Corporate and executive chefs helming the action at chain restaurants, hotels, supermarkets and other high volume foodservice operations have very full plates these days. On one hand they are charged with delivering great flavor and consistency for a good value, while on the other, they are increasingly under fire to serve up healthier dishes without impacting margin or deliciousness. Add to this the constant media warp that shape-shifts public perception of nutrition research and you can see a starter for confusion and frustration blooming for both foodservice providers and consumers.
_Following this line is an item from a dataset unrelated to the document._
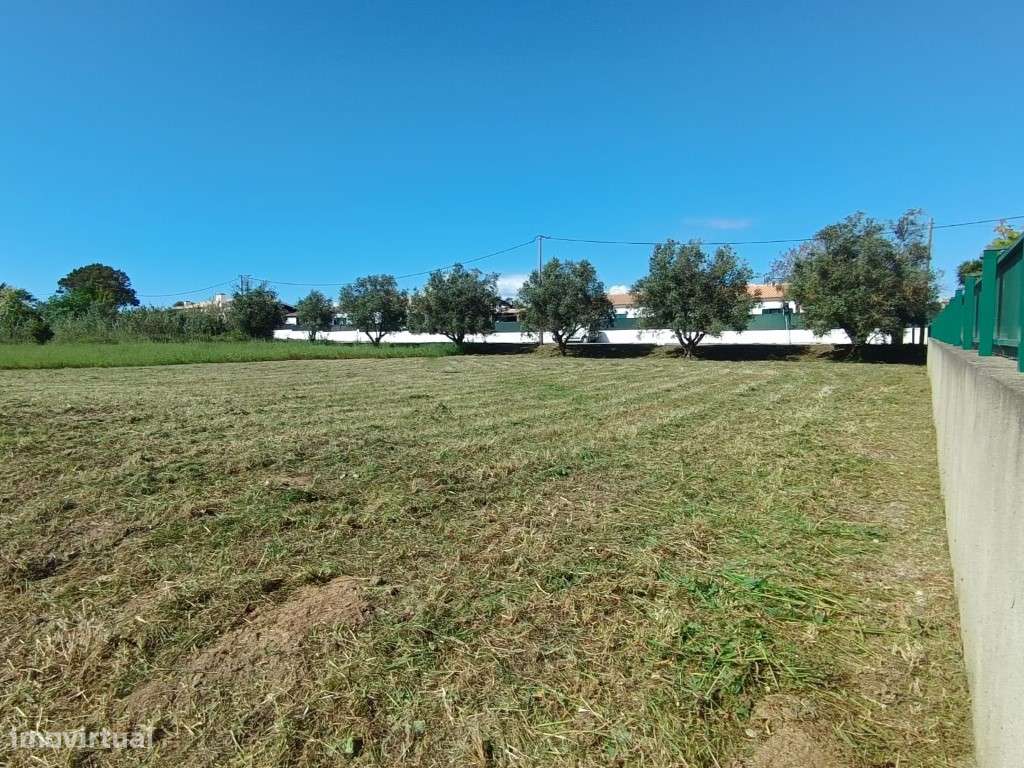 Terreno de construção livre para moradia(s) térrea(s) e isolada(s) - Grande imagem: 3/10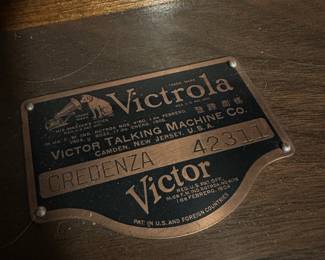 Victor Victrola Talking Machine Mahogany "Credenza" Model 42311 Record Player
The Culinary Institute of America saw this storm forming a decade ago and jumped in front of it by teaming with Harvard School of Public Health—Department of Nutrition and developing a progressive forum for discussion and creativity. Together they crafted an annual retreat called “Worlds of Healthy Flavors” which celebrated its tenth annual gathering January 22-24 at the CIA’s Greystone campus in the Napa Valley. It drew what at first glance seems to be a group of unlikely bedfellows (chefs, restaurateurs, public health researchers and educators, dietitians, suppliers, food brand marketers and media) and invited them to collaborate on problem solving some of the foodservice industry’s biggest challenges.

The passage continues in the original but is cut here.